In general, when transmitting any signal via different transmission routes, a non-ideal transmission channel must be assumed. In travelling to the receiver, the signal may be attenuated and reflected, e.g., at connection points or obstacles. In the case of time-discrete systems, this signal is sampled in an A-D converter with a fixed clock pulse, synchronised by re-sampling at the n-fold multiple of the sampling rate (and/or of the symbol pulse) and the relevant signal level is allocated to a symbolic value. If the transmission channel is non-ideal, this leads to small eye-openings and, in extreme cases, to an incorrect symbol allocation. In order to compensate linear errors of the transmission channel, a receiver must contain an equaliser. This provides a system behaviour, which, in the case of an exact compensation of the linearity error, operates in an exactly inverse manner to the transmission behaviour of the transmission channel.
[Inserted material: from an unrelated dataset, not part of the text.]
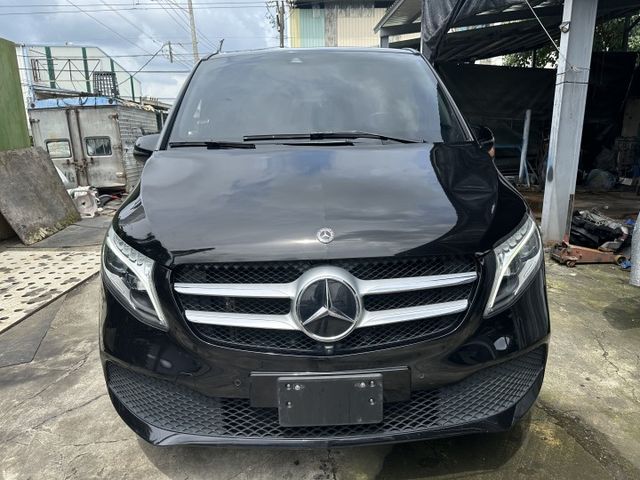 【百台車輛】【價錢可談】總代理 V220d 7人 環景/電尾門/雙邊電動滑門/360度環景0906-000866  第2張相片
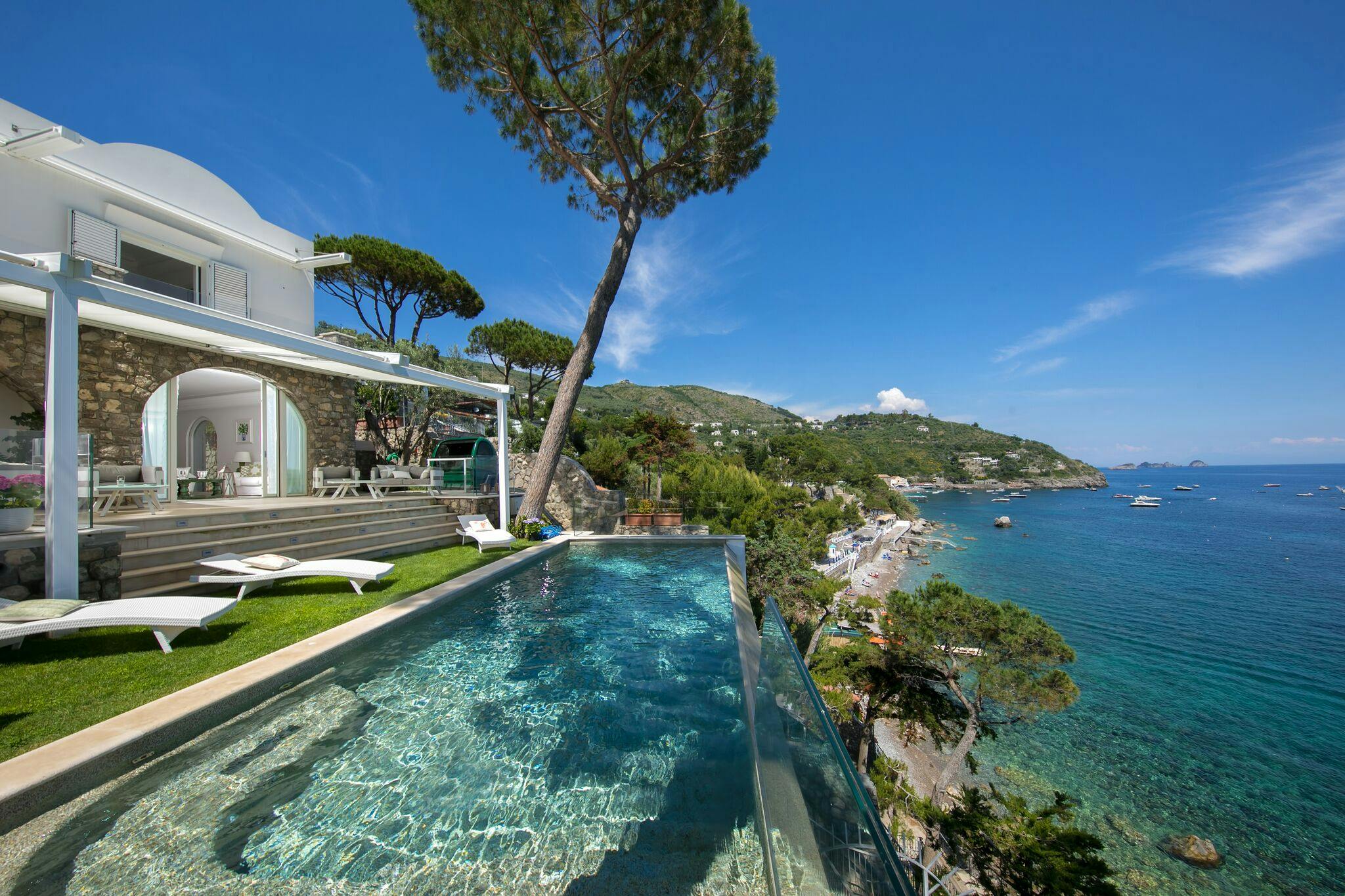 Villa Garbino Grotta Marina Sorrento: Luxury 6-Bedroom Villa with Infinity Pool and Sea Views, Sorrento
To improve the quality of reception of the transmitted message, general measures for the removal and/or restriction of transmission interference must be implemented alongside continuous compensation of the linearity error with an equaliser integrated in the receiver.
Suggested solutions, which represent the state of the art in this context, are presented in a textbook by K. D Kammeyer, “Nachrichtenabertragung” [Message Transmission] ISBN 3-519-16142-7. Stuttgart, 1996, pages 196-205. With these suggested methods, the coefficients of a series-connected equaliser required for optimum equalisation are calculated via iterative optimisation algorithms on the basis of pseudo-random sequences of transmission data and the associated data sequences received at the end of the transmission channel. A two-stage method, wherein the channel impulse response is determined in a first stage, and, the coefficients of the channel transmission function, which are in mirror-image to the coefficients of the equaliser in the case of an exact equalisation of the transmission channel, are calculated from the channel impulse response, in the second stage, does not exist.